**Exercise data:**
···

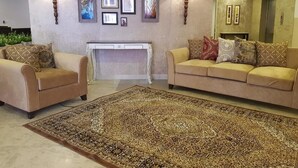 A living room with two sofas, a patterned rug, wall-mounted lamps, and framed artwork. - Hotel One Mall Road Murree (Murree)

···

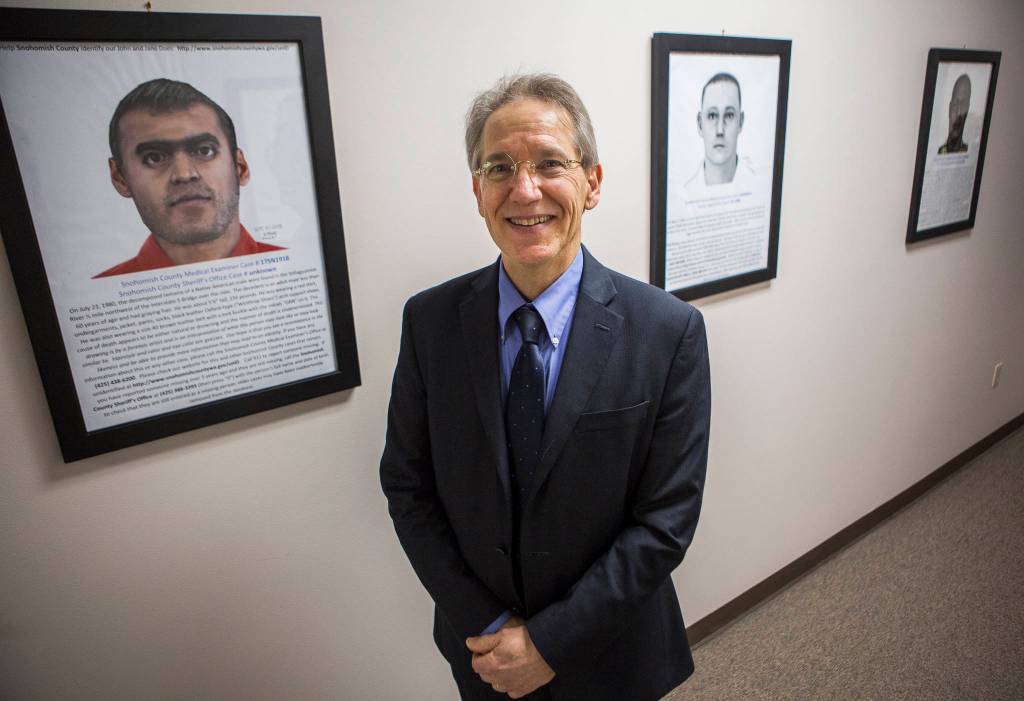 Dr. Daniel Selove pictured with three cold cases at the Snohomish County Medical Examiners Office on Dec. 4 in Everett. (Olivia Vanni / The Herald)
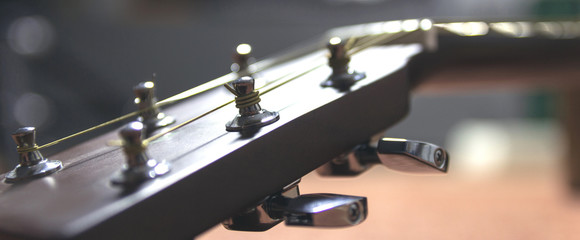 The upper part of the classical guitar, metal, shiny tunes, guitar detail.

···

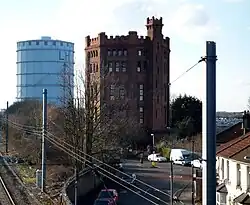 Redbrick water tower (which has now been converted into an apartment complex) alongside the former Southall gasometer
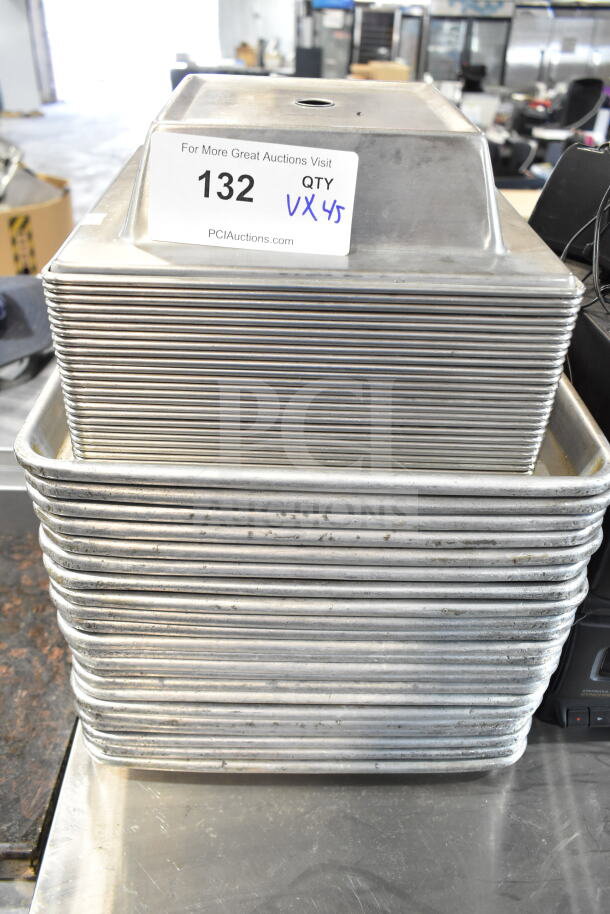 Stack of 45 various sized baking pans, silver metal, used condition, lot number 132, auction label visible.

···

Using the entries above, transcribe every line from the line containing "Redbrick water tower" through the line containing "Stack of 45". Do not copy pictures.

**Reply:**
 Redbrick water tower (which has now been converted into an apartment complex) alongside the former Southall gasometer
 Stack of 45 various sized baking pans, silver metal, used condition, lot number 132, auction label visible.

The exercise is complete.